1. At a Glance – The Quiet Infra Consultant Printing Margins… and Burning Cash

There are companies that shout. Then there are companies that quietly sit in the background, drawing maps, approving designs, and billing the government before a single brick is laid.

Monarch Surveyors and Engineering Consultants Ltd belongs firmly to the second category.

At first glance, this looks like a dream smallcap:

  • Revenue: ₹172 Cr
  • PAT: ₹37 Cr
  • Operating Margin: ~30%
  • ROCE: ~28%
  • Debt: Almost negligible

Now pause.

Ask yourself: how many infra-related companies in India deliver 30% margins without owning a single construction asset?

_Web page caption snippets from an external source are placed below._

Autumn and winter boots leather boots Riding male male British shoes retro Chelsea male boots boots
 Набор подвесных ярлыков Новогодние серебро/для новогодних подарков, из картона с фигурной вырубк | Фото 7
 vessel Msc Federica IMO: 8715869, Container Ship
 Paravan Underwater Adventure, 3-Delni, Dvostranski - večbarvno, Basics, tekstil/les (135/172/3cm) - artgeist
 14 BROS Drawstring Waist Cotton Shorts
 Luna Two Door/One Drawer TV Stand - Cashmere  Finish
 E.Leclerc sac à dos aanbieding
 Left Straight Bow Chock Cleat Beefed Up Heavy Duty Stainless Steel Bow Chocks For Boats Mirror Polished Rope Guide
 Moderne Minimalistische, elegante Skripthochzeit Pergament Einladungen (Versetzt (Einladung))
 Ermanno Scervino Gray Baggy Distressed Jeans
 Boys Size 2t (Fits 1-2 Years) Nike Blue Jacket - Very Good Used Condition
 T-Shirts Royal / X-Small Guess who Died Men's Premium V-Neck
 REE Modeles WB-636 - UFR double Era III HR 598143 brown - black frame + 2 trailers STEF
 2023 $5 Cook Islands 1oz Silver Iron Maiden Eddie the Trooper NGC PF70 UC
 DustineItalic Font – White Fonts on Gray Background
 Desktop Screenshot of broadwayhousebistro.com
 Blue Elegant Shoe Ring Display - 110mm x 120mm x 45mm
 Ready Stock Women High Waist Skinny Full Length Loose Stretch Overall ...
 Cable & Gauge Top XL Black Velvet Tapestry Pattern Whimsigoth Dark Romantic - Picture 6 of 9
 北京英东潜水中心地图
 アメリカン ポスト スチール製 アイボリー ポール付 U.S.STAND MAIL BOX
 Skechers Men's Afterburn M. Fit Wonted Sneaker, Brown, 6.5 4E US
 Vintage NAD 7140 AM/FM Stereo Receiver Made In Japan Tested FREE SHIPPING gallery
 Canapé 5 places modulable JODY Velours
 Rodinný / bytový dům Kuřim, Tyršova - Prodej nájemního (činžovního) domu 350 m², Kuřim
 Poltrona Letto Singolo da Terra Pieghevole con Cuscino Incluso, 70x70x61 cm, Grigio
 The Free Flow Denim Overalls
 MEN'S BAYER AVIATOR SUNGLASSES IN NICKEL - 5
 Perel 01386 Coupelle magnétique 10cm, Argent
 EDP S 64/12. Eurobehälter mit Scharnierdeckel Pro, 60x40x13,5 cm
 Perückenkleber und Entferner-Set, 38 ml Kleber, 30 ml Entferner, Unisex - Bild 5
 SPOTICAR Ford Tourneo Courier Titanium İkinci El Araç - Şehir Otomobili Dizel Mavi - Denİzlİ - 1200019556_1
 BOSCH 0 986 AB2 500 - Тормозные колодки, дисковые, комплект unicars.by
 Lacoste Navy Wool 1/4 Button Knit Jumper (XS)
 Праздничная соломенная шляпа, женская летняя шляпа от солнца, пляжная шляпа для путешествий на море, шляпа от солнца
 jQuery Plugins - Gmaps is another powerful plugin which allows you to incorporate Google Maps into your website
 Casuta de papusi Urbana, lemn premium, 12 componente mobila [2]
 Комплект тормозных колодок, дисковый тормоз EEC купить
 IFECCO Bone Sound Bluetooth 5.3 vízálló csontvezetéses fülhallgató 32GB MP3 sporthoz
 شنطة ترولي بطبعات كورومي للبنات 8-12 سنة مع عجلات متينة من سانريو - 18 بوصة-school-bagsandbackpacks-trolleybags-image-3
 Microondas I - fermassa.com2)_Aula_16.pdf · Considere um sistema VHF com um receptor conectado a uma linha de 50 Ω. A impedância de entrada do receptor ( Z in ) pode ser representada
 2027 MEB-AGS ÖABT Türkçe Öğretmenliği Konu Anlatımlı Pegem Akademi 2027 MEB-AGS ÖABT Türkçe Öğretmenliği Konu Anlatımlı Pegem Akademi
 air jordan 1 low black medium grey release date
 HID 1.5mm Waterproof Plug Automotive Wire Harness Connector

That’s your first clue — Monarch doesn’t build roads, railways, or metros. It tells others how to build them.

And in that consulting layer, margins can look deceptively clean.

But here’s where the plot thickens.

  • Operating cash flow in FY26: ₹-38 Cr
  • Debtor days: jumped from 26 → 113 days
  • Working capital days: exploded from 2 → 242 days

So while the profit statement is smiling politely, the cash flow statement is screaming.

And yet, the market assigns it:

  • P/E: ~9.8
  • EV/EBITDA: ~6.2

Which is significantly below industry averages.

So what exactly is going on here?

Is this:

  • A hidden infra consultancy compounder?
  • Or a classic SME mirage where profits don’t convert to cash?

Before jumping to conclusions, let’s dig layer by layer.


2. Introduction – The Consultant Nobody Notices Until It’s Too Late

Monarch Surveyors has been around since 1999, quietly building expertise in civil engineering consultancy.

Their job is simple in theory:

  • Survey land
  • Design infrastructure
  • Supervise execution

In reality, they sit at the earliest and most critical stage of infrastructure development.

Think about it:

Before a ₹1,000 crore highway gets built, someone has to:

  • Map the terrain
  • Prepare DPR (Detailed Project Report)
  • Handle land acquisition planning
  • Estimate costs

That “someone” is Monarch.

Which means:

They get paid before the project risk even begins.

No cement price volatility.
No contractor disputes.
No execution delays.

Sounds like a perfect business model.

But then why is the market pricing it at a discount?

And why is cash flow negative despite strong profits?

Let’s break this down further.


3. Business Model – WTF Do They Even Do?

Monarch is essentially an engineering brain without a construction body.

They operate across:

  • Roads & highways
  • Railways & metro
  • Geospatial mapping
  • Land acquisition
  • Water infrastructure
  • Transmission lines

Core Services:

1. Surveying
They gather raw data using:

  • LiDAR
  • Drones
  • GNSS systems

Basically, they tell the government:
“Here’s what your land actually looks like.”

2. Design Services
They prepare:

  • DPRs
  • Cost estimates
  • Engineering plans

This is where approvals start.

3. Technical Supervision
They ensure contractors follow the plan.

So in essence:

Monarch doesn’t build — it approves, designs, and monitors.

The Real Money Logic

The beauty of this model:

  • Low capital intensity
  • High margins
  • Recurring government demand

But there’s a catch.

Revenue depends on:

  • Tender wins
  • Government payments
  • Project milestone billing

Which means:

Cash flows are not always aligned with profits.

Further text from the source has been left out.